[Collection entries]
*** Begin section ***
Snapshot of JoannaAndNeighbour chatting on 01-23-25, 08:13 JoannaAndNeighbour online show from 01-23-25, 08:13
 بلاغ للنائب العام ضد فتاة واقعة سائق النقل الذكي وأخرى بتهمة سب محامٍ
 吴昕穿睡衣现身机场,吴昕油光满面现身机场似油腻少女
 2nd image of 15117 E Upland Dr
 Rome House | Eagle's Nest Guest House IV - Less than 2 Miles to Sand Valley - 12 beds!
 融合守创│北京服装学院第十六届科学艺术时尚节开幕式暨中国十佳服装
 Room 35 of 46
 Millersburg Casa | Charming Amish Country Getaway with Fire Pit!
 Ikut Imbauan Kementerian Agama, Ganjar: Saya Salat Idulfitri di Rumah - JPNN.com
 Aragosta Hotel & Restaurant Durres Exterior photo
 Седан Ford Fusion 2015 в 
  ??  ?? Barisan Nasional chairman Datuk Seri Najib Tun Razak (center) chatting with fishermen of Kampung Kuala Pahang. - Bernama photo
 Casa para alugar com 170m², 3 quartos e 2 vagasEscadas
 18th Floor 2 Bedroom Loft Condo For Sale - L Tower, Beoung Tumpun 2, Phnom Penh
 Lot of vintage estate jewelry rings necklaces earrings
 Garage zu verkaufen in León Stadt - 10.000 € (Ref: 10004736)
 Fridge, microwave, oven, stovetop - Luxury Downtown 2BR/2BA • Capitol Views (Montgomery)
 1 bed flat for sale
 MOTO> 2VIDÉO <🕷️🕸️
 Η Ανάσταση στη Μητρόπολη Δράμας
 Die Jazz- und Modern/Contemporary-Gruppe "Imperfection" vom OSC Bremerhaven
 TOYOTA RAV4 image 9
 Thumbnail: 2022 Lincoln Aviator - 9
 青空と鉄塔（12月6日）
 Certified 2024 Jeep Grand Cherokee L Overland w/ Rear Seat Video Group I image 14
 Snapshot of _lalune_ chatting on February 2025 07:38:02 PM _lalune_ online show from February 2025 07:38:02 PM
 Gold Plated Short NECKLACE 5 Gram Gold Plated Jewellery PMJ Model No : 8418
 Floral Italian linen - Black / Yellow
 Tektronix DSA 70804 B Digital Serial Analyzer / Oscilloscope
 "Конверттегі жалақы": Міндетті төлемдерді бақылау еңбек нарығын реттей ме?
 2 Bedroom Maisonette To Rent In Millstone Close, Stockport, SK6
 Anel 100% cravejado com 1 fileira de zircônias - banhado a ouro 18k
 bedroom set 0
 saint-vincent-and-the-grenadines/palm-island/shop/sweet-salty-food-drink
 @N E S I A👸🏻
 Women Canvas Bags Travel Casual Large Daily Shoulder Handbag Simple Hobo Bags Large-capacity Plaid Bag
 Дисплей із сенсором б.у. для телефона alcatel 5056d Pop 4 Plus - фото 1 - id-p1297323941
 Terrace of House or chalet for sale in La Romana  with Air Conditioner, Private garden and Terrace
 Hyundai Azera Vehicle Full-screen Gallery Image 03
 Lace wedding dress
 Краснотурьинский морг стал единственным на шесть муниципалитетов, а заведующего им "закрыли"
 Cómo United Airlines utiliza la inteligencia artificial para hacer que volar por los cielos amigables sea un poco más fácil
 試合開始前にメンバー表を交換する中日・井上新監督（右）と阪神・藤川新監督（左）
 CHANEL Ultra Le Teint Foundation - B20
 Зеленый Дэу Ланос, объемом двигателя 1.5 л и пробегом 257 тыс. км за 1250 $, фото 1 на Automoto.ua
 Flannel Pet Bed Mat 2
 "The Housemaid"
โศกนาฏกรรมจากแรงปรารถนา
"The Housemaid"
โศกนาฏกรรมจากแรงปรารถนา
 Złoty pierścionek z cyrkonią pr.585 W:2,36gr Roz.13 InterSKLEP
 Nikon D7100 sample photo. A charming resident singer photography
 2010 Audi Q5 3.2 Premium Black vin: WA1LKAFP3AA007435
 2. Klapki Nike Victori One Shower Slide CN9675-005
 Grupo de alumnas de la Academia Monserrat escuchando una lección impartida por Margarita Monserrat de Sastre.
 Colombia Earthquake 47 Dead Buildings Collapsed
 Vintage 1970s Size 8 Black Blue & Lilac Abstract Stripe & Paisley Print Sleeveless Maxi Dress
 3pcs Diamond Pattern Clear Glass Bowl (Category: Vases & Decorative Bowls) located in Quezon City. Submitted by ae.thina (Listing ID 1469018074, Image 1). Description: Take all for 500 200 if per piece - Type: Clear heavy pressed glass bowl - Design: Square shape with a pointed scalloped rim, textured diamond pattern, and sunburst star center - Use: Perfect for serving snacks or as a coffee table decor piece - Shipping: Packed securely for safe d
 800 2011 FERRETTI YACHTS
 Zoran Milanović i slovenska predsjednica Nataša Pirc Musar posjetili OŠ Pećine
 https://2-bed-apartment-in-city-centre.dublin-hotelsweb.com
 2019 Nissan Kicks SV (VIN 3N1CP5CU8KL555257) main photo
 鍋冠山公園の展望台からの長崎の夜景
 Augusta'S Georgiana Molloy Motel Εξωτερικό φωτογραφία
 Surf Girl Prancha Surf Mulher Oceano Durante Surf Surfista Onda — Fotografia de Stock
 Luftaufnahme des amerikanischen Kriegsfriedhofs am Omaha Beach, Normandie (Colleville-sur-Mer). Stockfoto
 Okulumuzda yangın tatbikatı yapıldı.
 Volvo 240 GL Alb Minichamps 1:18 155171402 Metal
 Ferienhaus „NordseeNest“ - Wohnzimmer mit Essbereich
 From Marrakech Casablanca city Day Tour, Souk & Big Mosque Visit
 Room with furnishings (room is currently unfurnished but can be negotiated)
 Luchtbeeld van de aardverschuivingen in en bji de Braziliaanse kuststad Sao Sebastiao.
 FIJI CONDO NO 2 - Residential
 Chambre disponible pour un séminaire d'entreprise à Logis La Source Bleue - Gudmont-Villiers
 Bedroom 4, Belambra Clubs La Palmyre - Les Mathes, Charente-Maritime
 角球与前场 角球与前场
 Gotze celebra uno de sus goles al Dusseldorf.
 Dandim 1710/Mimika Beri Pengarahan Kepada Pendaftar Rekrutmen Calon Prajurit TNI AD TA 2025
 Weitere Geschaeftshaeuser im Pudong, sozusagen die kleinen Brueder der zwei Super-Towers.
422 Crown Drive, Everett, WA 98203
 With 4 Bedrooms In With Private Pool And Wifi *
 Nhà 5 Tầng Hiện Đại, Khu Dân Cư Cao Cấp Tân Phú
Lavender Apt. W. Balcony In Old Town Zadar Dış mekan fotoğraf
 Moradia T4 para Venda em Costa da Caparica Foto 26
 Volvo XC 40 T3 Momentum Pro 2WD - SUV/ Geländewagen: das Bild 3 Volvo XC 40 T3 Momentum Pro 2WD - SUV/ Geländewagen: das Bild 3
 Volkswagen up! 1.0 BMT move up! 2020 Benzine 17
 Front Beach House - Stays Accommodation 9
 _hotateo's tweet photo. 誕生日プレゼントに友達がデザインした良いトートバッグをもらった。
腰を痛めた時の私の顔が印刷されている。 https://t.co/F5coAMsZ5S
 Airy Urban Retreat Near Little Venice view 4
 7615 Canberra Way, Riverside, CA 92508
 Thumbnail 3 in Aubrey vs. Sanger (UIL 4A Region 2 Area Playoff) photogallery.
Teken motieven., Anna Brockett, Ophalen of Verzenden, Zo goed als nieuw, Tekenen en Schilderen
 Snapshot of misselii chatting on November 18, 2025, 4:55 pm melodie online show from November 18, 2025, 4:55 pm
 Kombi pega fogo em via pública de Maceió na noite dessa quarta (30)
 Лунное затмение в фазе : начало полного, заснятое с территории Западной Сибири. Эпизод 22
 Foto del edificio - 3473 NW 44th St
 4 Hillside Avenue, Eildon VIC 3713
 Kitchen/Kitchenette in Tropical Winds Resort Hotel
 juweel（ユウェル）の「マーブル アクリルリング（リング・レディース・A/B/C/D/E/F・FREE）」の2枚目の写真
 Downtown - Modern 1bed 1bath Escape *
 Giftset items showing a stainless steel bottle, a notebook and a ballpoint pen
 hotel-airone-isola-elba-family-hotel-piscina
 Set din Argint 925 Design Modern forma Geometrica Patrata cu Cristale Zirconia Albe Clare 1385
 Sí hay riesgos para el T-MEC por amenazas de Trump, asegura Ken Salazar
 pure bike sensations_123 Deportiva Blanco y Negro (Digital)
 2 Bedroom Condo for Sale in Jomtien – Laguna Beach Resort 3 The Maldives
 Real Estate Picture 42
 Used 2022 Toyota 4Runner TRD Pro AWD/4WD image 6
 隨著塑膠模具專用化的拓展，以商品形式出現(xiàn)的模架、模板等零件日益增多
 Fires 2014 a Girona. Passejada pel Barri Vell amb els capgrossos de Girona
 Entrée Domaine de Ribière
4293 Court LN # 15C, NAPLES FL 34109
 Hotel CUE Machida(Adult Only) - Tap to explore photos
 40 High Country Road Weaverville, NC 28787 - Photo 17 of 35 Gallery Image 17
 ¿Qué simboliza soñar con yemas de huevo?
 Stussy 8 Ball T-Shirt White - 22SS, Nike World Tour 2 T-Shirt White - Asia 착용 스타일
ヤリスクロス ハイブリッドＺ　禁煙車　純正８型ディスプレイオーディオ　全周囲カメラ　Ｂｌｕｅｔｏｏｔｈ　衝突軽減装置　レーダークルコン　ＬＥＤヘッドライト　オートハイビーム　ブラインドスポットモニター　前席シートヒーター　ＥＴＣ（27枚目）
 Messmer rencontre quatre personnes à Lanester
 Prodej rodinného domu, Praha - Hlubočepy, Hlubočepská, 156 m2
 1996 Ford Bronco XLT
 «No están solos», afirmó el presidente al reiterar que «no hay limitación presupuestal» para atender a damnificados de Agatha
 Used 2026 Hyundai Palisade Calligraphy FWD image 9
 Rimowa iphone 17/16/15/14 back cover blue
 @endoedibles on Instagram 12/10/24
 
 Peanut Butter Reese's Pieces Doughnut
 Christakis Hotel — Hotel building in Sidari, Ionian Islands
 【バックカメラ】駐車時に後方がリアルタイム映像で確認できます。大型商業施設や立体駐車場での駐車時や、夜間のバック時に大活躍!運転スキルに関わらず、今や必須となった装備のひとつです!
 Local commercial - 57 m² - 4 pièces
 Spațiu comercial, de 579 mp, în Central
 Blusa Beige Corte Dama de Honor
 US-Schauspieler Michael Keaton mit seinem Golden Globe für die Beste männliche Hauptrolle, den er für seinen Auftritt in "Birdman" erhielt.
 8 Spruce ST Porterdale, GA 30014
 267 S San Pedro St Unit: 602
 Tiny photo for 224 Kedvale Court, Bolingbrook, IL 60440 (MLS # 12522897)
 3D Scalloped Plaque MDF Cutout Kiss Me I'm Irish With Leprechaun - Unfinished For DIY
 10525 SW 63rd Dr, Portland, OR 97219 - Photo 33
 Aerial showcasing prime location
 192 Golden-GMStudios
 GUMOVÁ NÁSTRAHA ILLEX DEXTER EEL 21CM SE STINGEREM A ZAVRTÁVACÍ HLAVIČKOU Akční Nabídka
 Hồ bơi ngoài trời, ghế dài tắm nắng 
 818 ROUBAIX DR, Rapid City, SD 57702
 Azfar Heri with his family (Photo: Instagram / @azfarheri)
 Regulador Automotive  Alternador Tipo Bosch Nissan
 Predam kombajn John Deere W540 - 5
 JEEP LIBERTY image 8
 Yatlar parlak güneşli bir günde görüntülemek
*** End section ***
#### Task instructions:
With the first line being the one containing "40 High Country" and the last line the one containing "267 S San Pedro St Unit: 602", transcribe exactly the lines above that fall in that range.

#### Answer box:
 40 High Country Road Weaverville, NC 28787 - Photo 17 of 35 Gallery Image 17
 ¿Qué simboliza soñar con yemas de huevo?
 Stussy 8 Ball T-Shirt White - 22SS, Nike World Tour 2 T-Shirt White - Asia 착용 스타일
ヤリスクロス ハイブリッドＺ　禁煙車　純正８型ディスプレイオーディオ　全周囲カメラ　Ｂｌｕｅｔｏｏｔｈ　衝突軽減装置　レーダークルコン　ＬＥＤヘッドライト　オートハイビーム　ブラインドスポットモニター　前席シートヒーター　ＥＴＣ（27枚目）
 Messmer rencontre quatre personnes à Lanester
 Prodej rodinného domu, Praha - Hlubočepy, Hlubočepská, 156 m2
 1996 Ford Bronco XLT
 «No están solos», afirmó el presidente al reiterar que «no hay limitación presupuestal» para atender a damnificados de Agatha
 Used 2026 Hyundai Palisade Calligraphy FWD image 9
 Rimowa iphone 17/16/15/14 back cover blue
 @endoedibles on Instagram 12/10/24
 
 Peanut Butter Reese's Pieces Doughnut
 Christakis Hotel — Hotel building in Sidari, Ionian Islands
 【バックカメラ】駐車時に後方がリアルタイム映像で確認できます。大型商業施設や立体駐車場での駐車時や、夜間のバック時に大活躍!運転スキルに関わらず、今や必須となった装備のひとつです!
 Local commercial - 57 m² - 4 pièces
 Spațiu comercial, de 579 mp, în Central
 Blusa Beige Corte Dama de Honor
 US-Schauspieler Michael Keaton mit seinem Golden Globe für die Beste männliche Hauptrolle, den er für seinen Auftritt in "Birdman" erhielt.
 8 Spruce ST Porterdale, GA 30014
 267 S San Pedro St Unit: 602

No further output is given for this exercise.